We went to war with no pilots speaking to me. I flew combat missions and grieved as my fellow pilots died in action, all the while, no one was speaking to me other than what was absolutely necessary to complete a mission. I had no peers to talk to while living in the desert of Iraq. I was the butt of every joke. I ate my MREs alone. I walked miles to the dining facility alone while they drove past me in a Humvee. When one of our aircraft went down and three crew members died, I grieved alone. I wasn’t allowed to become a pilot-in-command because the standardization pilot controlled the process.

Not everyone sided with the standardization pilot. Those that didn’t side with him remained neutral.  They didn’t talk to me either. They just didn’t participate in the gossip and ridicule. They were better, sort of.

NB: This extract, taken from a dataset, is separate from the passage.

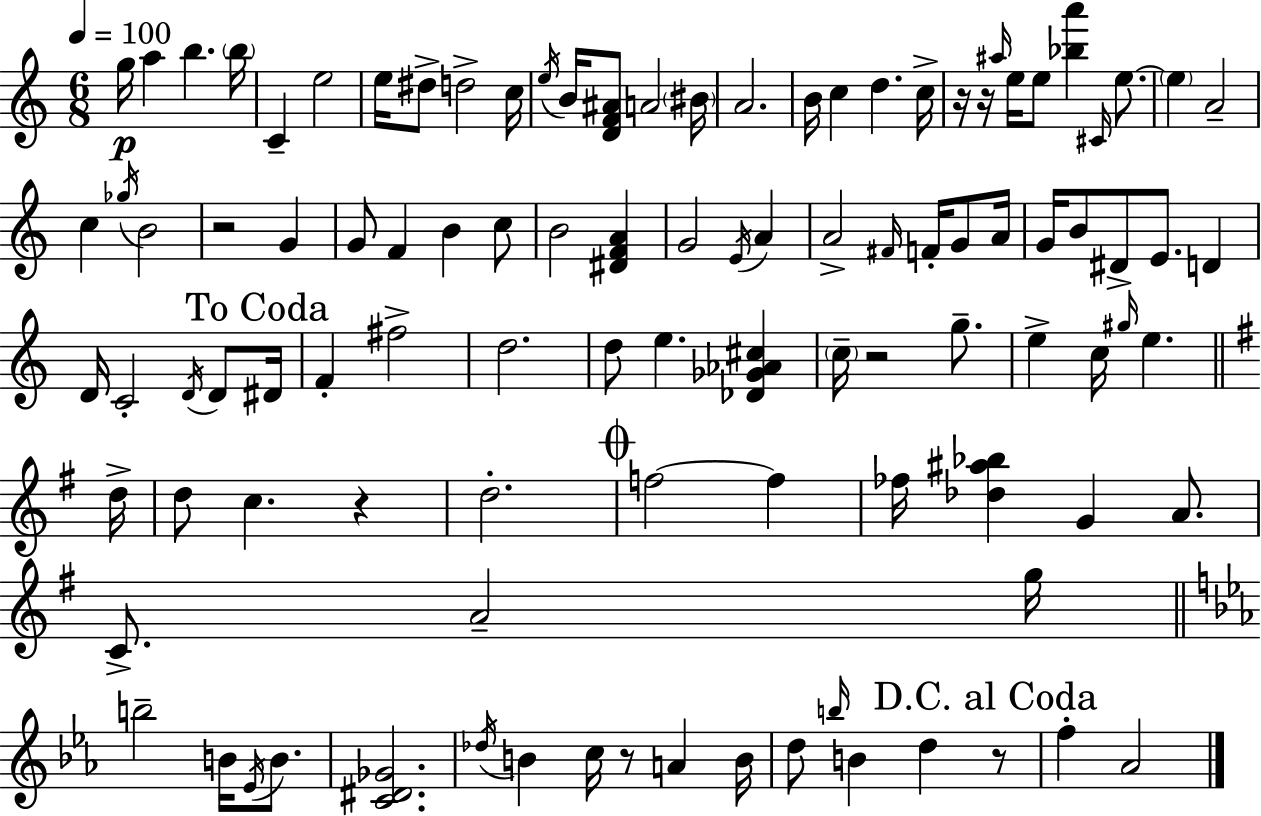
G5/s A5/q B5/q. B5/s C4/q E5/h E5/s D#5/e D5/h C5/s E5/s B4/s [D4,F4,A#4]/e A4/h BIS4/s A4/h. B4/s C5/q D5/q. C5/s R/s R/s A#5/s E5/s E5/e [Bb5,A6]/q C#4/s E5/e. E5/q A4/h C5/q Gb5/s B4/h R/h G4/q G4/e F4/q B4/q C5/e B4/h [D#4,F4,A4]/q G4/h E4/s A4/q A4/h F#4/s F4/s G4/e A4/s G4/s B4/e D#4/e E4/e. D4/q D4/s C4/h D4/s D4/e D#4/s F4/q F#5/h D5/h. D5/e E5/q. [Db4,Gb4,Ab4,C#5]/q C5/s R/h G5/e. E5/q C5/s G#5/s E5/q. D5/s D5/e C5/q. R/q D5/h. F5/h F5/q FES5/s [Db5,A#5,Bb5]/q G4/q A4/e. C4/e. A4/h G5/s B5/h B4/s Eb4/s B4/e. [C4,D#4,Gb4]/h. Db5/s B4/q C5/s R/e A4/q B4/s D5/e B5/s B4/q D5/q R/e F5/q Ab4/h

Later, a new major took command of my unit. He told me that no letter of reprimand had ever been filed. My old commander had written the letter, made the standardization pilot sign it, and then shredded it.

Back to my story… we were flying with night vision goggles in the pitch black. Night vision goggles, especially older models, rely on tiny amounts of illumination from the moon, stars, far away city lights, anything. Without this illumination, we lost sight of the ground by the time we were 15 feet off the ground. It was a terrible feeling. We couldn’t see the power lines or towers even though we knew they were there. The flight was terrible. 

We knew by the map and the GPS that we were headed toward power lines. The standardization pilot was on the controls, and he initiated a climb. The radar altimeter showed that we would probably cross over the lines without hitting them, but he wasn’t taking any chances. He pulled in so much power that he drooped the rotor. Rookie mistake. Drooping the rotor means that he put too much stress on the engine and the rotor responded by slowing down. The rotor noise bogged down, and the master warning beeped and lit up the dashboard. I announced the master warning reset and moved through the emergency procedures alongside him. He reduced the power and recovered, but it never should have happened, not with the most senior pilot in the unit. If it had happened to me, he probably would have grounded me until I could be retrained. I was angry. It was a stupid mistake.  But I said nothing. He knew what he did.

We finished the flight, landed, shutdown, and walked back to operations. I walked and talked with the medic and crew chief. This was normal since the pilots didn’t typically talk with me. The medic comments, “Hey, that was a great flight!” I thought he was being sarcastic, at first, until it dawned on me that the crew members in the back don’t hear the master warnings. They had no idea that our standardization pilot drooped the rotor and put us all in danger. I didn’t correct him. 

From the rape joke/ threat, I spent another 35 months in that unit. Twenty-four of those months were in combat. The standardization pilot never left but shared his plight and feelings about me with every new pilot that would join the unit throughout those 3 years. He promoted junior pilots with much less experience and skill ahead of me. Some pilots came that didn’t care what they heard, which helped. Much later, on a night flight with a pilot who commanded a high level of respect and regard in the unit, my crew almost died in a midair collision. As a thank you for my actions on the controls that night, that pilot stood up for me, finally. Within a week, I was promoted to pilot-in-command and given my own crew. When I told him thanks, he told me that I had earned it a long time ago, and everyone knew it.

Looking back, there is no doubt that the lesson was meant for me. While they meant it to harm me, maybe it was ultimately for my good.